- **REQUIRED ACTION**
Once the pictures are set aside, reproduce the remaining data exactly.

- **MATERIAL PROVIDED**
--------------------------------

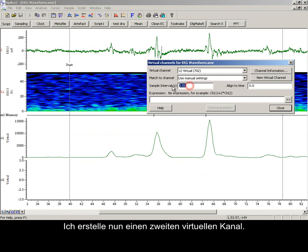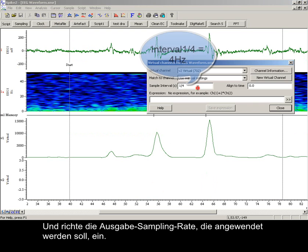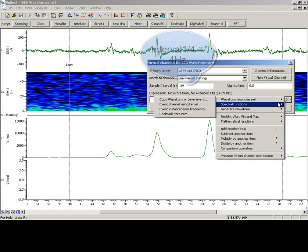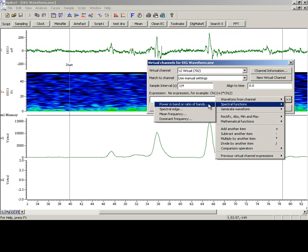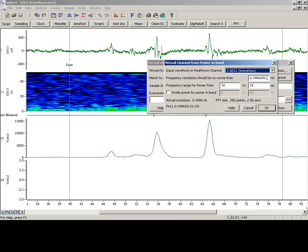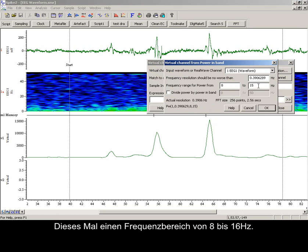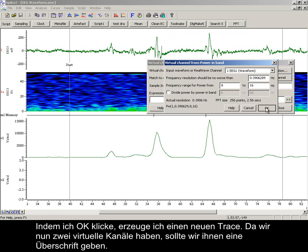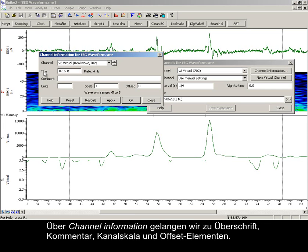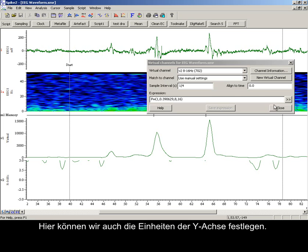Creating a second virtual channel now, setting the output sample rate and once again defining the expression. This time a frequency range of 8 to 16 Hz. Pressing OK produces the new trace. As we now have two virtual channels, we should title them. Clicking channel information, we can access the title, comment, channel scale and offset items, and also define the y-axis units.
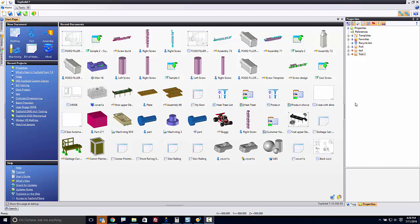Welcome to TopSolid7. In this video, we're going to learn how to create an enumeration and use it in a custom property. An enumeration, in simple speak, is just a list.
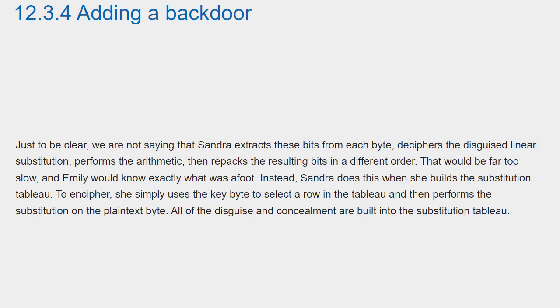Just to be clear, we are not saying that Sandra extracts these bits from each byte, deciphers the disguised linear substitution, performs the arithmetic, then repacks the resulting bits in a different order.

--------------------------------

- **REPLY TO THE EXERCISE**
Creating a second virtual channel now, setting the output sample rate and once again defining the expression. This time a frequency range of 8 to 16 Hz. Pressing OK produces the new trace. As we now have two virtual channels, we should title them. Clicking channel information, we can access the title, comment, channel scale and offset items, and also define the y-axis units.
Welcome to TopSolid7. In this video, we're going to learn how to create an enumeration and use it in a custom property. An enumeration, in simple speak, is just a list.
Just to be clear, we are not saying that Sandra extracts these bits from each byte, deciphers the disguised linear substitution, performs the arithmetic, then repacks the resulting bits in a different order.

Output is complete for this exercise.